Apple roi du bullshit marketing

Where is the limit between marketing and marketing bullshit?

In the M2 presentation, several comparisons were made. Often they make the sharp and objective amateurs smile, but the problem is that at times they are very much like false advertising.

Apple bullshit marketing The most blatant example is the comparison of a MacBook Air M2 and a MacBook Air i5 claiming 26x better performance (for certain uses). Apple insists on figures like 15 times more performance in video editing and 26 times faster in image scaling compared to the MacBook i5. What remains of this presentation in the minds of people who are not informed, let’s be objective, is that Apple’s M2 SoC is 26 times faster than a Core i5 from Intel. But the problem is that to get there, Apple dug up a Macbook Air equipped with a Core i5-8210Y, a Dual Core CPU running at 1.6Ghz that has been retired for a while.
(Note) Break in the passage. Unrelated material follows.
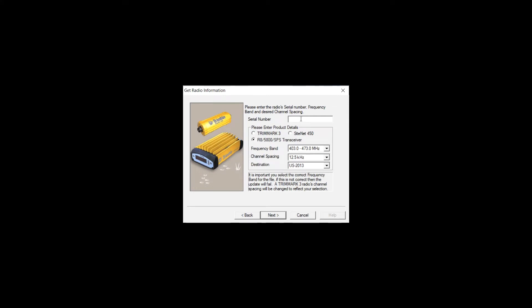Here you're going to type in your serial number. If you do not type in your serial number, this will not let you continue. Then you want to make sure that you select your appropriate transceiver, your frequency band, channel spacing, and destination.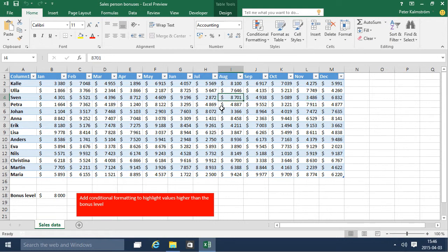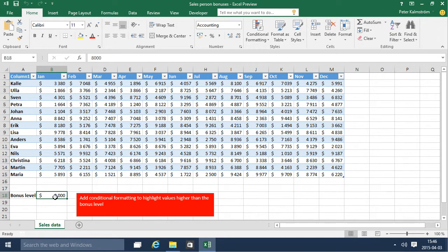As you see I have all the sales data for a bunch of people here, several months, and I want to highlight the bonus months for these. And as you see I have the bonus level of 8,000 there.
Apple could have compared the latest “Intel” MacBook Air, equipped with an i5-1030G7 that already has 4 cores and 8 threads at 3.5 GHz… But no, the choice fell on this good old 8th generation i5, with a TDP of 7W (probably 4 to 5 times less than the M2). Let’s come to the real question: why does Apple need to do this? Its M2 seems to perform well, like other Apple Silicon chips, it will shake up the competition and move the market. But what about the end customer who has to put up with these bigger and bigger strings? This marketing without limits and without ethics will lead the competition to follow the same path: excess of superlatives, bogus comparisons, miracle graphics…We have already started to see this elsewhere than at Apple, follow my eyes.